**What you should do**
Please quote exactly the lines below from the line containing "Stainless Steel Garden" to the line containing "Mike, 'lil q, me and Governor O'Malley", both lines included, and nothing else.

(Collected data)
>>>>
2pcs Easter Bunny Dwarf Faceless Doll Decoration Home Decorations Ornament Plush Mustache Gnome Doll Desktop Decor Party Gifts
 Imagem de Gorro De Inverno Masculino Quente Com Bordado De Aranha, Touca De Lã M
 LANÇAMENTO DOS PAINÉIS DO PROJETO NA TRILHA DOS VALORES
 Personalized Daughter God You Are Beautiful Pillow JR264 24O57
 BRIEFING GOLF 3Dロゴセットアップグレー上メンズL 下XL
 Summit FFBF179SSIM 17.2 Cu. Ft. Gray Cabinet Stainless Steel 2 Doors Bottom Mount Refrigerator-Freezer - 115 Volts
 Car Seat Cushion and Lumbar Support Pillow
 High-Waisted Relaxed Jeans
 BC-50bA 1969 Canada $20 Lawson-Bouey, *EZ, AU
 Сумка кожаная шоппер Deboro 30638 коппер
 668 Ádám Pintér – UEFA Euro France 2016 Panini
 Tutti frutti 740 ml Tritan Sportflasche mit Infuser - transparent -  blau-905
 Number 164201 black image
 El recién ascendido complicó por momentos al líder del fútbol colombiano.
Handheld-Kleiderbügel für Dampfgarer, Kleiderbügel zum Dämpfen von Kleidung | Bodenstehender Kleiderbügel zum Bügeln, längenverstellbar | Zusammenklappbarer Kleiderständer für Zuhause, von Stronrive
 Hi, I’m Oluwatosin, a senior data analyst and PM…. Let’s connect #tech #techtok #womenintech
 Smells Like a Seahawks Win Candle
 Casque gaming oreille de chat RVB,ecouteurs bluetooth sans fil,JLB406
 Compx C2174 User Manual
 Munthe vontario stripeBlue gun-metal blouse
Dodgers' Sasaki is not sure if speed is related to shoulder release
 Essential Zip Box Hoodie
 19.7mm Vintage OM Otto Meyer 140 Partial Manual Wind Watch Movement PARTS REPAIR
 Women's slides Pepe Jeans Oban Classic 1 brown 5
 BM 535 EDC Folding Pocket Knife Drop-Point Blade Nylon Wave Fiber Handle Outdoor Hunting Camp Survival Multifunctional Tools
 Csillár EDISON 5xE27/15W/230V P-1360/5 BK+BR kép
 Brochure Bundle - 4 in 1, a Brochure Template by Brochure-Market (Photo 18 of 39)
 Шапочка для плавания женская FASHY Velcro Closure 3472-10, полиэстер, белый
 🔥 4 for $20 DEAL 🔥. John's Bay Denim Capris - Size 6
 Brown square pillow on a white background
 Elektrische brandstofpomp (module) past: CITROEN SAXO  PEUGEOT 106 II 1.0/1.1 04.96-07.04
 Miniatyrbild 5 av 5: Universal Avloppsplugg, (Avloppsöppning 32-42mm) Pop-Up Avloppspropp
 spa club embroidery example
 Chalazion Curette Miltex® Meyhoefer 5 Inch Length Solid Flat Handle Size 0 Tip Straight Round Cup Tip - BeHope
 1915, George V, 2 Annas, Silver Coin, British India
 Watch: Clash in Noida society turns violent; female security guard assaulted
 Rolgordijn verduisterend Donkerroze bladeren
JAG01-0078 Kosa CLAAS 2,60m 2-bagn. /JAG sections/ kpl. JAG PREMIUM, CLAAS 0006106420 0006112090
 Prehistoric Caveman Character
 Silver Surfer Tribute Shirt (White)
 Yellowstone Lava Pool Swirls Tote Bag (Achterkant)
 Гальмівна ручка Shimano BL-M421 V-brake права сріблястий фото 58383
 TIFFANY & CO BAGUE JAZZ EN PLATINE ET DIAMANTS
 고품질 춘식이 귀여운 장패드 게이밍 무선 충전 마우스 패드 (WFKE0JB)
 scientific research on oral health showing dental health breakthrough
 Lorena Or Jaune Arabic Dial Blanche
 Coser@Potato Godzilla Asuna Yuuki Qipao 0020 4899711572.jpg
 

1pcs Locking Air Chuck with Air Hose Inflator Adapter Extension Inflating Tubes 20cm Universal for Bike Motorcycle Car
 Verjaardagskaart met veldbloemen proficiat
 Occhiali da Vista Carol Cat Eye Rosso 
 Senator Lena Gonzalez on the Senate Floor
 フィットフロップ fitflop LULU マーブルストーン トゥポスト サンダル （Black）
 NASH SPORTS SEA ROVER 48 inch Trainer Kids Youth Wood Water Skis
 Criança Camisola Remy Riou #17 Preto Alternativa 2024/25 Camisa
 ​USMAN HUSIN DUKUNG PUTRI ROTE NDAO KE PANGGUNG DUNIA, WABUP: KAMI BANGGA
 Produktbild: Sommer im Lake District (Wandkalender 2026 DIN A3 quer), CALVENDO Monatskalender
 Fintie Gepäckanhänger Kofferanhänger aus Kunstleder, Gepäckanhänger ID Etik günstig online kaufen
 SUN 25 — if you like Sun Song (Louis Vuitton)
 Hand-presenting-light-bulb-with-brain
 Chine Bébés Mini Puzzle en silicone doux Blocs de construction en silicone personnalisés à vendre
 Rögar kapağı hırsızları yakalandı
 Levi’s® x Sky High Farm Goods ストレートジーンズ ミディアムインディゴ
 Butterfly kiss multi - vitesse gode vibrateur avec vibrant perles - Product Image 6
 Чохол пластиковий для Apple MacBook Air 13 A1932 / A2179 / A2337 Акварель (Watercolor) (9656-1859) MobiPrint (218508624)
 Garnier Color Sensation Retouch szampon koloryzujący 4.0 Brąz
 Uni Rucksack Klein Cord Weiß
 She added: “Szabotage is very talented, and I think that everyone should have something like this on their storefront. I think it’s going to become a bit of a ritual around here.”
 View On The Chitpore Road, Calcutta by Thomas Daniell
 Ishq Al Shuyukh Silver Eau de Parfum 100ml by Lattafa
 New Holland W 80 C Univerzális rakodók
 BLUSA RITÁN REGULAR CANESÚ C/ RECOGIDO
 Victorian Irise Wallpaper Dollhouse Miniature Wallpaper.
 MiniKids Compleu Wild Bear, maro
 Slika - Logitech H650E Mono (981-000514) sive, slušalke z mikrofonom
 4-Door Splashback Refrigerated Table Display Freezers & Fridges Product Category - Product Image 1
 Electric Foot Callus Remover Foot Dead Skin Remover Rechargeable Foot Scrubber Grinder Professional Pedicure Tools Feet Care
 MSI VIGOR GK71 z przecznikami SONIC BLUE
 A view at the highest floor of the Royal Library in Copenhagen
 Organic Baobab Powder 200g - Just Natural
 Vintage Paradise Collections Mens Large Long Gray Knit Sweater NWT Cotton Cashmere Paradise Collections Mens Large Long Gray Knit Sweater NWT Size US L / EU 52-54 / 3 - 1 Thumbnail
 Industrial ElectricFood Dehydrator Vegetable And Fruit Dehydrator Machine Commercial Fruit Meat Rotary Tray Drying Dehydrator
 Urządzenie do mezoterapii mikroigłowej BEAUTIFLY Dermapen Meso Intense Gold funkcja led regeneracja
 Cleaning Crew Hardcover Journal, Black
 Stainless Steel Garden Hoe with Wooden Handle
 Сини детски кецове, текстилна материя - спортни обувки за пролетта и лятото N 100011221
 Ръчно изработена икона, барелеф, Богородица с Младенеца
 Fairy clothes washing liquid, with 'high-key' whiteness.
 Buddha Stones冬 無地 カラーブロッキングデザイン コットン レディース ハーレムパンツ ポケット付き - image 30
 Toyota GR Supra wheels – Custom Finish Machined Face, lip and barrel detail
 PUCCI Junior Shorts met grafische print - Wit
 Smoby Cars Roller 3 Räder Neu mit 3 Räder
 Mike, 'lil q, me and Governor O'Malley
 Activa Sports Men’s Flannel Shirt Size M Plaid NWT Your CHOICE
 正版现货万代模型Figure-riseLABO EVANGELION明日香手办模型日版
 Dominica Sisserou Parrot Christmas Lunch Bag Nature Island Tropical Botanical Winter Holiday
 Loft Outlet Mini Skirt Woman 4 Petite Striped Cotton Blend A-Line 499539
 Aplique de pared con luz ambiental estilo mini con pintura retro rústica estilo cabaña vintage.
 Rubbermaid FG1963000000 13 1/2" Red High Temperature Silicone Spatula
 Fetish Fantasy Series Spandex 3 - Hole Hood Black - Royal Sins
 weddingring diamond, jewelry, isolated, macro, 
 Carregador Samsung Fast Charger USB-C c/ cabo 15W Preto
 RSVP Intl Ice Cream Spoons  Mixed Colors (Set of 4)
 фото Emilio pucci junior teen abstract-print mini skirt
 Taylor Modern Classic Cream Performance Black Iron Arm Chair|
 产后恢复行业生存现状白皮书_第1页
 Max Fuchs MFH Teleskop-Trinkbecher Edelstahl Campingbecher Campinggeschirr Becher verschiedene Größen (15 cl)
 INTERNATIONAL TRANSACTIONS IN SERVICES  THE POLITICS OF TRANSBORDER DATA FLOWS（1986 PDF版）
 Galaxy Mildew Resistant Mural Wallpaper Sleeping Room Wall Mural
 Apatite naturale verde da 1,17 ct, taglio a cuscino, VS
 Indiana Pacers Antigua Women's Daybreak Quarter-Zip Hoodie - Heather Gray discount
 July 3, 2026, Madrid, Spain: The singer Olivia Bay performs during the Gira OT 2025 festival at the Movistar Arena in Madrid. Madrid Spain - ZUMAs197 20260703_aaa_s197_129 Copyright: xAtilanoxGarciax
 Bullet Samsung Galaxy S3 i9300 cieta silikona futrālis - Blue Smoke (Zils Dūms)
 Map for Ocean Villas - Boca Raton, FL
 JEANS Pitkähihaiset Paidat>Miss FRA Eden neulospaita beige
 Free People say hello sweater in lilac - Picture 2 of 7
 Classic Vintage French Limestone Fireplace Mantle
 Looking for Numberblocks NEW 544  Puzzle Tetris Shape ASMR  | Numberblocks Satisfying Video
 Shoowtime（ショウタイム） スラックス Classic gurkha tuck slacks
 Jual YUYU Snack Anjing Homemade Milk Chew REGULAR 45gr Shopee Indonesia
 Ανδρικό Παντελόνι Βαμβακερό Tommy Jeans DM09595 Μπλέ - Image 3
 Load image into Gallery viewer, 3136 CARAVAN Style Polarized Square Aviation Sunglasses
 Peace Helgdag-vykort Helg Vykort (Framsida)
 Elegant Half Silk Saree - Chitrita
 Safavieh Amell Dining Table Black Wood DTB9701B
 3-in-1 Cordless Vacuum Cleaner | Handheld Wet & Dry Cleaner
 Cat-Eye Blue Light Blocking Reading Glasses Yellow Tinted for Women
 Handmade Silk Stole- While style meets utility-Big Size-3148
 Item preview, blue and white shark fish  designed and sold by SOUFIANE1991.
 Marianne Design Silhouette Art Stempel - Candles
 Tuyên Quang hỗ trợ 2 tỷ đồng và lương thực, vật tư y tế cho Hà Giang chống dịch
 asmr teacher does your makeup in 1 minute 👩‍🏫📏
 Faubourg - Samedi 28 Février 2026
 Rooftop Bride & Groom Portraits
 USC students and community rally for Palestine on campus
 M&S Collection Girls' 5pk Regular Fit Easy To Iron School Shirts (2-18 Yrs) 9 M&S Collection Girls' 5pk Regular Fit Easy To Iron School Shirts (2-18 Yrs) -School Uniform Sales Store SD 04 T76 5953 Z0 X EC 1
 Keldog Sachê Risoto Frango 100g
<<<<
**Solution to this task**
 Stainless Steel Garden Hoe with Wooden Handle
 Сини детски кецове, текстилна материя - спортни обувки за пролетта и лятото N 100011221
 Ръчно изработена икона, барелеф, Богородица с Младенеца
 Fairy clothes washing liquid, with 'high-key' whiteness.
 Buddha Stones冬 無地 カラーブロッキングデザイン コットン レディース ハーレムパンツ ポケット付き - image 30
 Toyota GR Supra wheels – Custom Finish Machined Face, lip and barrel detail
 PUCCI Junior Shorts met grafische print - Wit
 Smoby Cars Roller 3 Räder Neu mit 3 Räder
 Mike, 'lil q, me and Governor O'Malley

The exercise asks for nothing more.